Edwin Edogbo (born 21 December 2002) is an Irish rugby union player who is currently a member of Munster's academy as of the 2022–23 season. He plays as a lock and represents Cork club UCC in the amateur All-Ireland League.

Munster
Edogbo was selected for the Munster under-18s Clubs team in 2019 after helping east Cork club Cobh Pirates to the Munster under-18s final. Additionally, Edogbo also represented the Ireland under-18s Clubs and under-18s Schools sides. He began studying engineering at University College Cork in 2021 and featured for UCC in the early rounds of the 2021–22 All-Ireland League. Edogbo joined Munster's academy in November 2021, becoming the first player from Cobh Pirates to do so.

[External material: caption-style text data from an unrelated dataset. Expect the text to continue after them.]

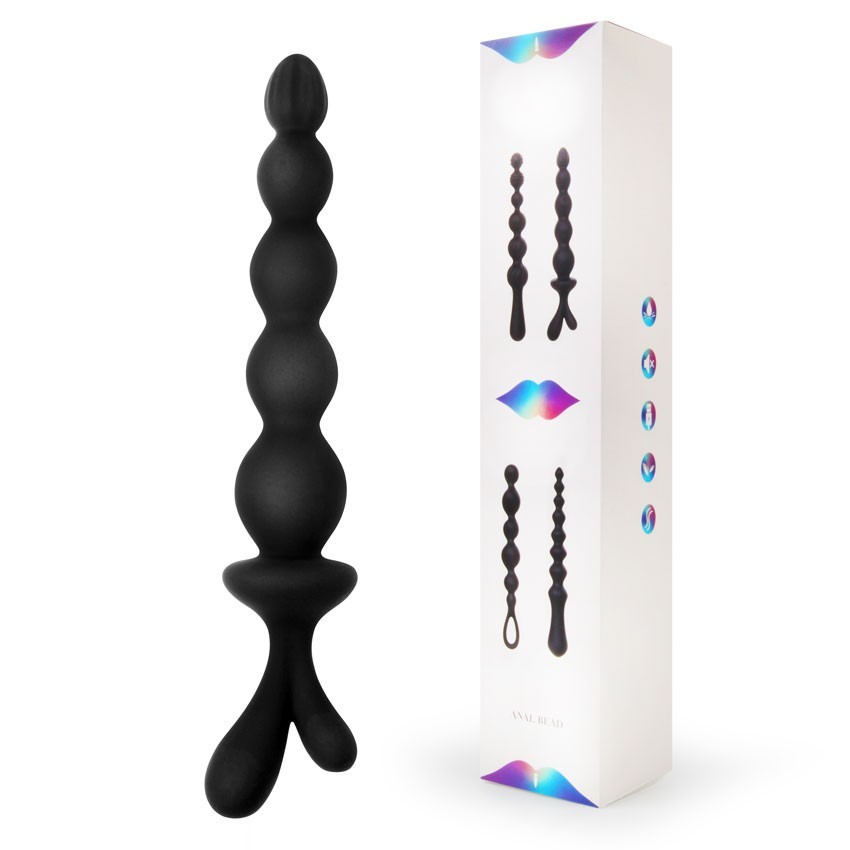 СТИМУЛЯТОР L рабочей части 234 мм D 20x28x35 мм арт. MY-804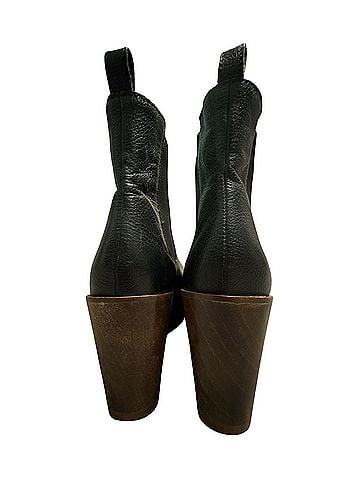 Kelsi by Kelsi Dagger KbD Kelsi By Kelsi Dagger Ankle Boots (view 2)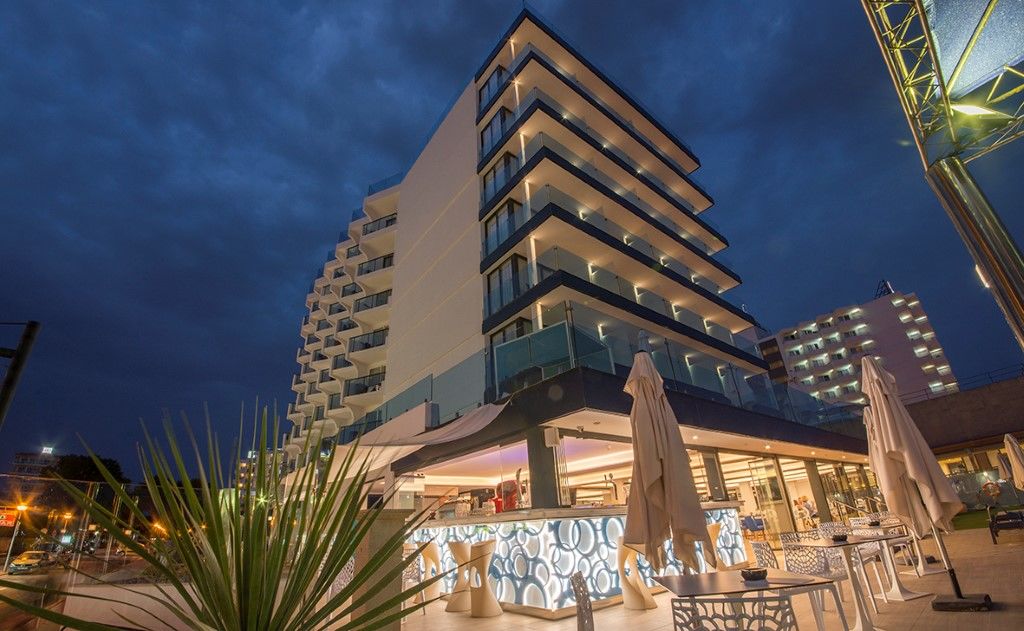 Negresco - Adults Only 4* Playa de Palma (Mallorca)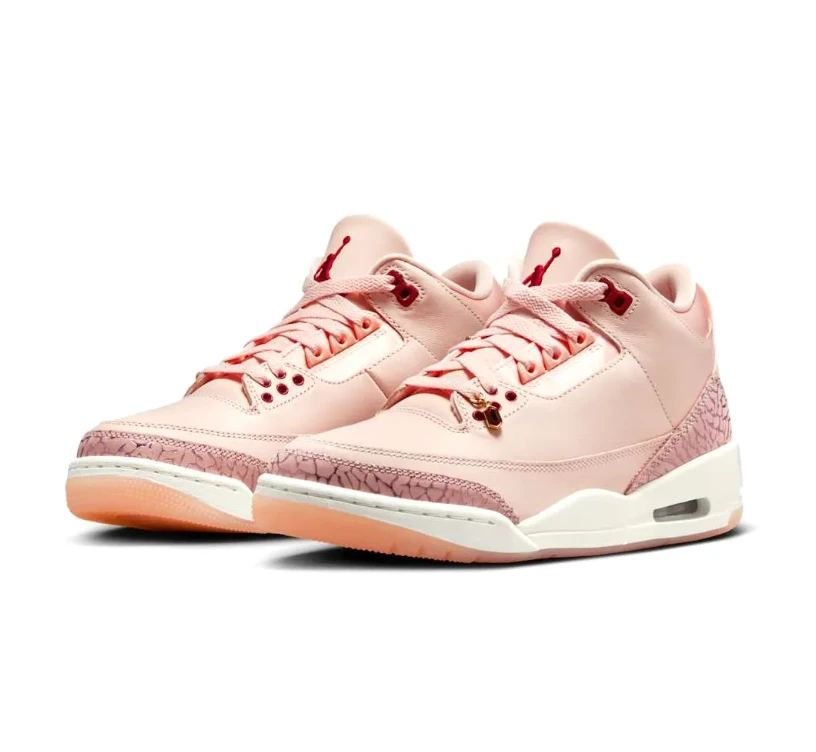 Air Jordan 3 Valentine’s Day Shoes Sneakers by Air Jordan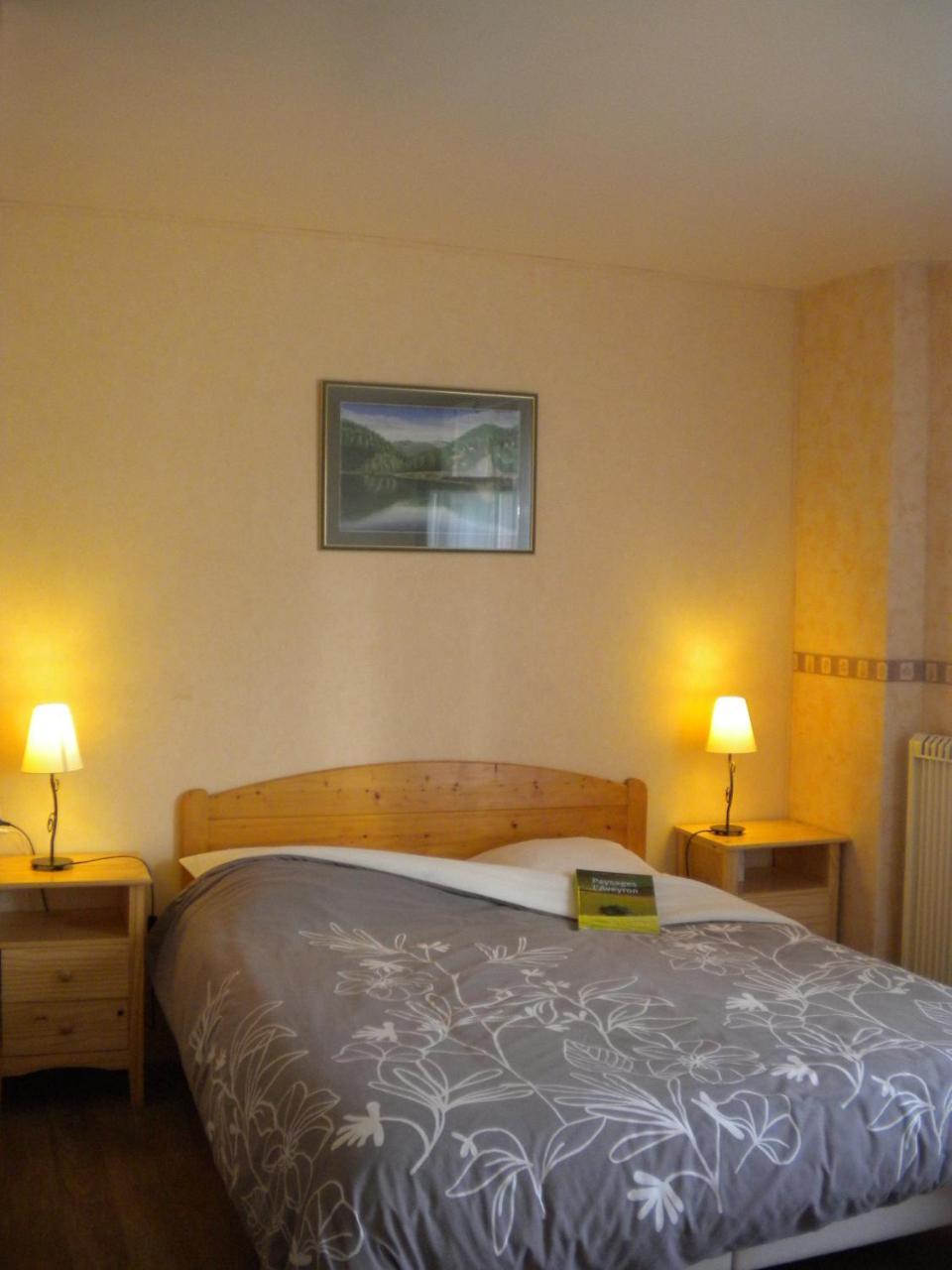 Hotel Le Relais Du Coustoubi Campouriez Dış mekan fotoğraf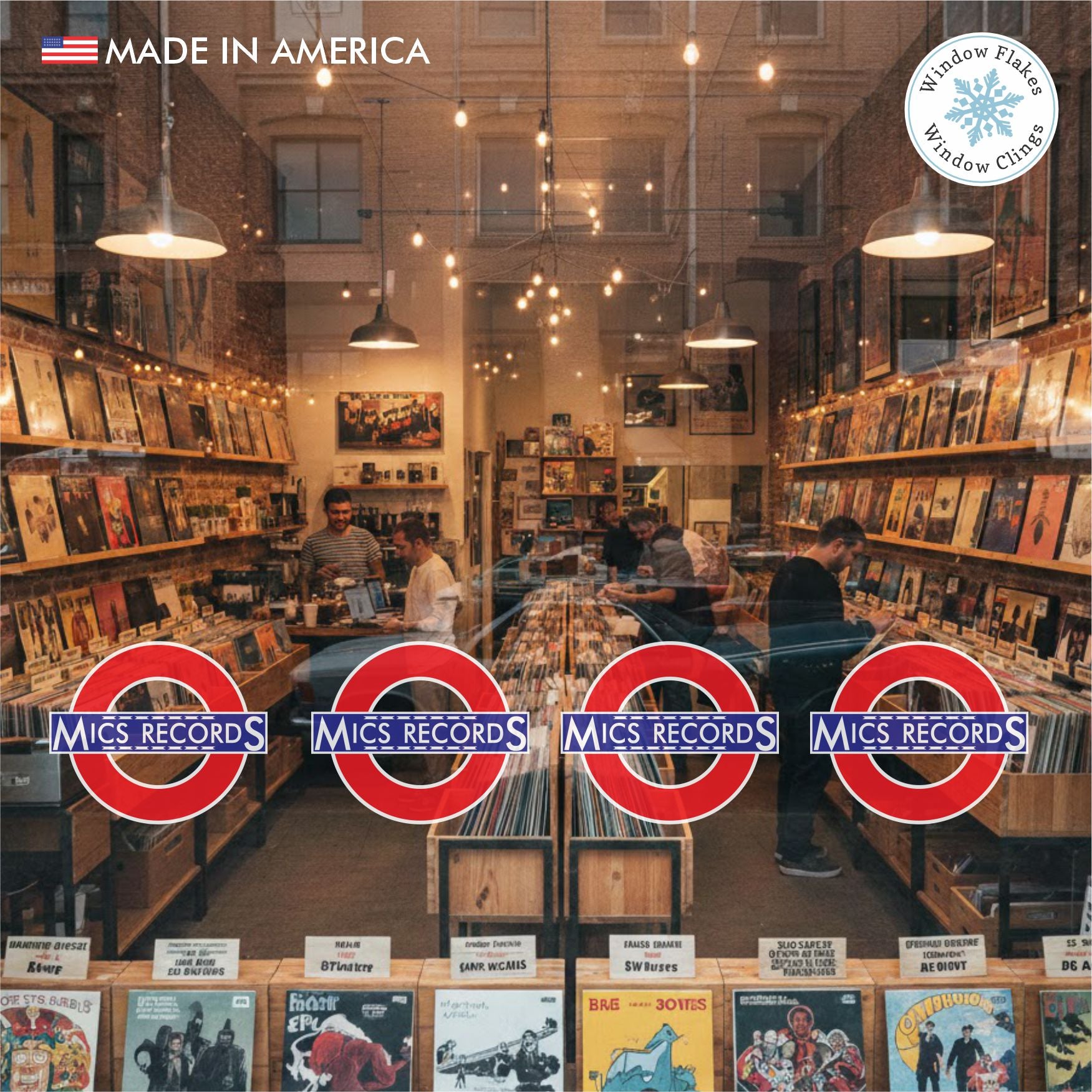 Customizable Vintage London Underground Signs, sticker or window cling ...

Despite being injured, Edogbo was registered with Munster's Champions Cup squad in December 2021 following the disruption caused by the province's tour to South Africa the previous month. After impressing during pre-season, Edogbo made his senior competitive debut for Munster in round two of the 2022–23 United Rugby Championship against Welsh side Dragons on 25 September 2022, coming on as a replacement for Fineen Wycherley in the 57th minute in the province's 23–17 away defeat, before making his first start for the province in their 31–17 home win against South African side the Bulls in round five of the URC on 15 October 2022.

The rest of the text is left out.